Teach Yourself
2 total works
No Place to Fall is Victor Saunders' follow up to his Boardman Tasker Prize winning debut book Elusive Summits. Covering three expeditions in Nepal, the Karakoram and the Kumaon, each shares the exhilaration of attempting new alpine-style routes on terrifyingly committing mountains.
In 1989 Victor Saunders and Steve Sustad completed a difficult route on the West Face of Makalu II, only to be brought to a storm-bound halt above 7,000 metres while descending. Without food or bivouac gear, they endured a tortuous descent after a night in the open. Two years later the pair were with a small team in the Hunza valley exploring elusive access to a giant hidden pillar on the unvisited South-East Face of Ultar, one of the highest and most shapely of the world's unclimbed peaks.

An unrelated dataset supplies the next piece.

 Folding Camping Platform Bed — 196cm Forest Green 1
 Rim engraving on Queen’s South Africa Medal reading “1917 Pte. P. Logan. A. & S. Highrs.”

In 1992 Victor Saunders was part of a joint Indian-British team climbing various peaks in the Panch Chuli range. A happy and successful expedition narrowly avoided ending in tragedy when Stephen Venables broke both legs in a fall on the descent from Panch Chuli V and Chris Bonington survived another fall going to his aid. The dramatic evacuation of Venables, in which the author took a major part, forms an exciting climax to a story of cutting-edge, alpine-style climbing in the world's highest mountains.
No Place to Fall offers enviable mountain exploration, enriched by sharing the lives of the mountain peoples along the way. Victor Saunders casts a perceptive, if bemused, eye over his fellow climbers and reflects on the calculation of risk that drives them back year after year to chance their lives in high places.
At a time when the greatest mountains in the greatest ranges had been climbed by numerous routes, collected like stamps and written about extensively, Victor Saunders and his friends relished the exploration of the slightly lower, slightly humbler, but often more aesthetically satisfying and no less testing summits in the 6,000- and 7,000-metre range. With thousands of unclimbed peaks in the Karakoram and Himalaya to choose from, these were ripe fruit for the committed mountaineers of the day.
In his Boardman-Tasker-winning Elusive Summits, Victor Saunders describes four expeditions to the Karakoram, to Uzum Brakk, Bojohaghur Duanasir, Rimo and the stunning Spantik. Battling crevasses and violent weather, injured climbers and dropped rucksacks, Saunders and his friends make a string of exciting and difficult ascents.
Saunders communicates the highs and lows of expedition life with relish, good humour, and a keen eye for the idiosyncratic among his companions. His first book, Elusive Summits, is a wonderful celebration of the sheer exhilaration that comes from the hardest level of alpine-style exploration in the Karakoram.